───── Dataset records ─────

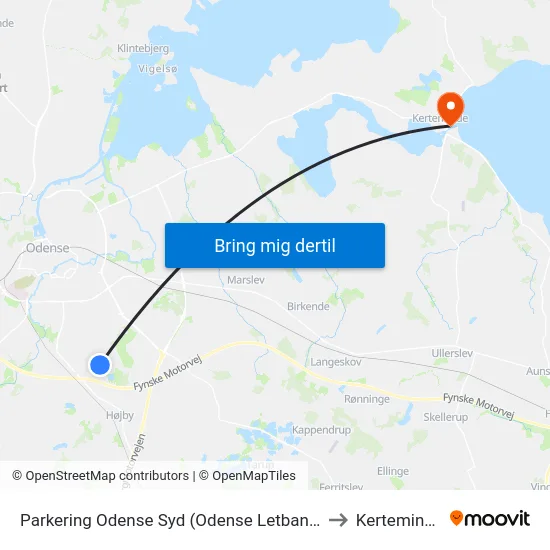 Parkering Odense Syd (Odense Letbane) to Kerteminde map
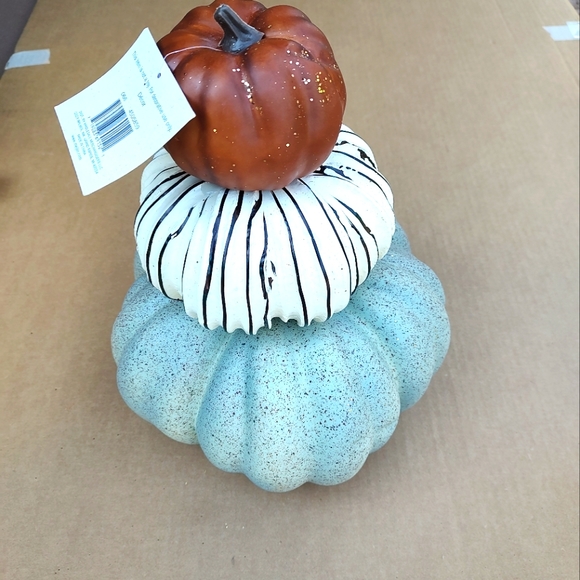 Three tier 12 in tabletop pumpkin - Picture 1 of 4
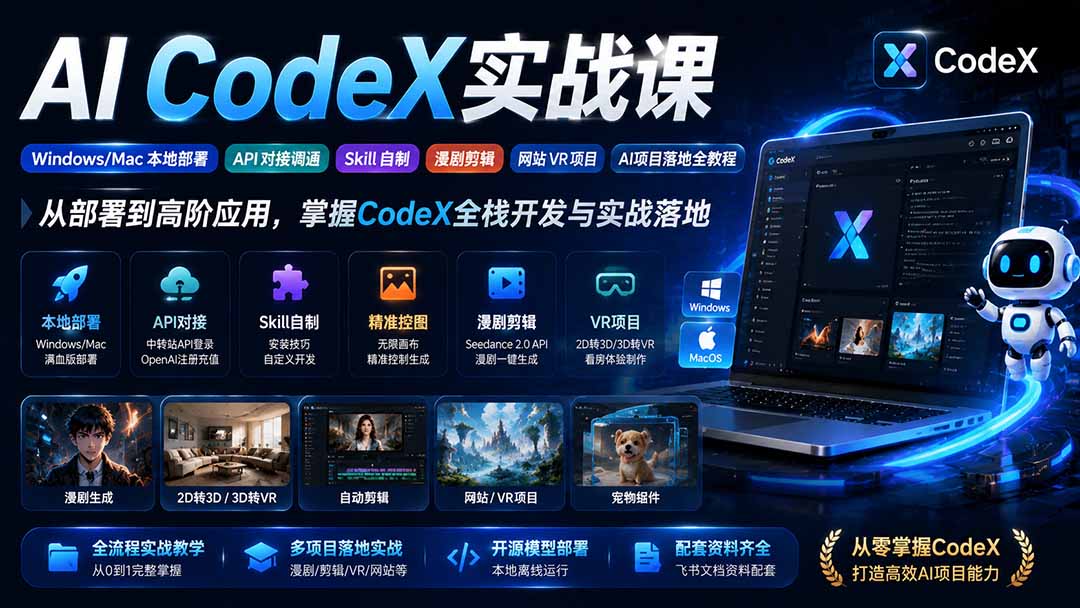 AI  CodeX实战课｜Windows/Mac 本地部署｜API 对接调通｜Skill 自制｜漫剧剪辑｜网站 VR 项目｜AI项目落地全教程-hcnxn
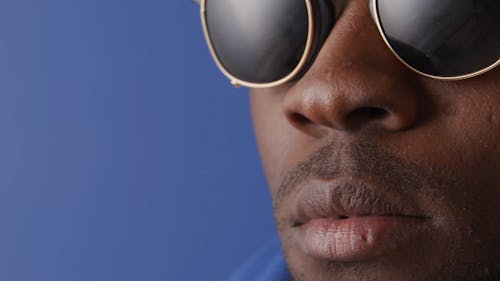 Closeup Male Face With Eyeglasses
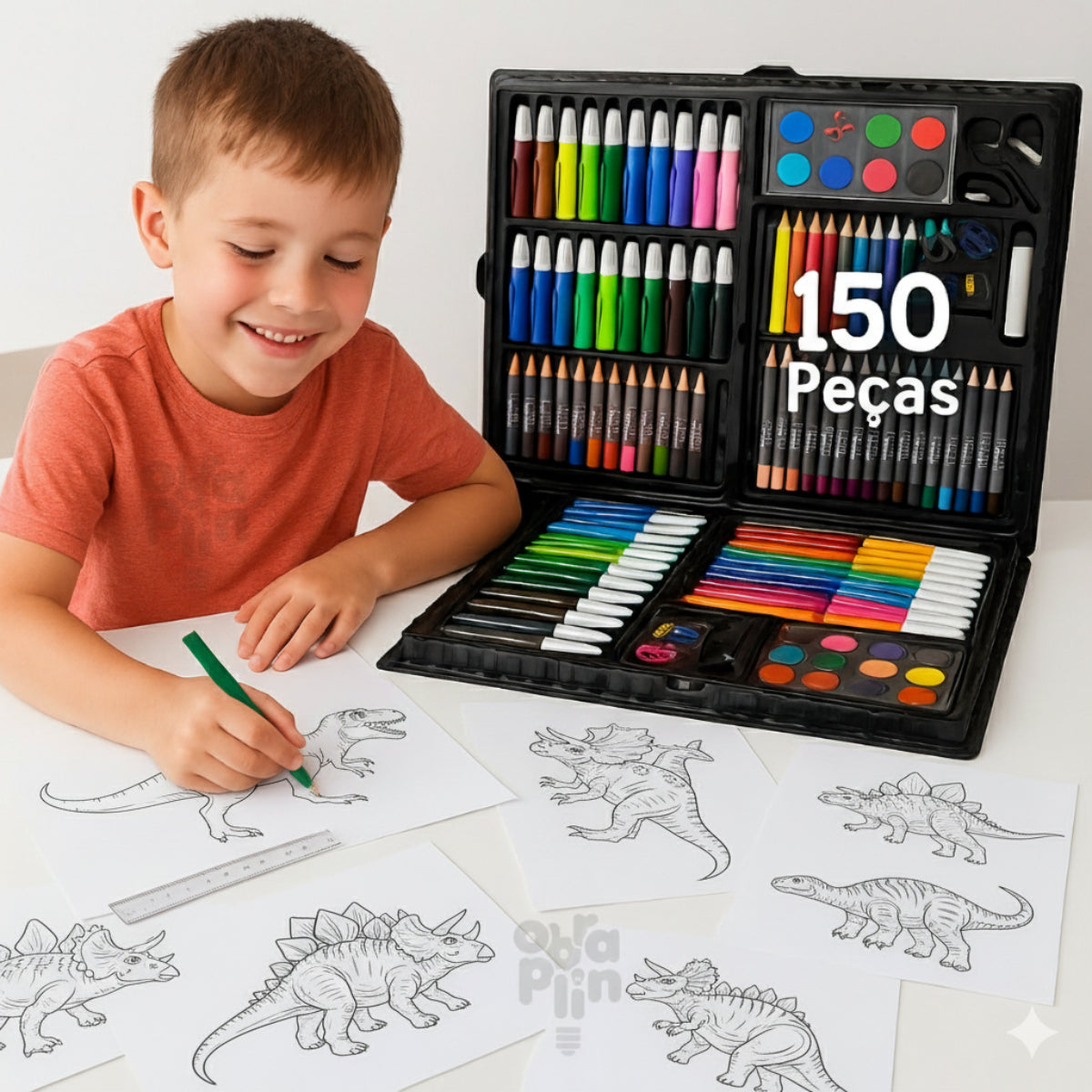 Kit Escolar Maleta De Colorir 150 Peças Estojo Escolar Infantil Colorir Desenho Canetinhas Lápis De Cor Giz De Cera Tinta Aquarela Cola Apontador Tesoura Régua Clips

─────

**About this task**
Copy nothing but the lines from the line holding "自制｜漫剧剪辑｜网站 VR 项目｜AI项目落地全教程-hcnxn" through the last line of the entries, exactly, while leaving out the pictures.

**Expected answer**
 AI  CodeX实战课｜Windows/Mac 本地部署｜API 对接调通｜Skill 自制｜漫剧剪辑｜网站 VR 项目｜AI项目落地全教程-hcnxn
 Closeup Male Face With Eyeglasses
 Kit Escolar Maleta De Colorir 150 Peças Estojo Escolar Infantil Colorir Desenho Canetinhas Lápis De Cor Giz De Cera Tinta Aquarela Cola Apontador Tesoura Régua Clips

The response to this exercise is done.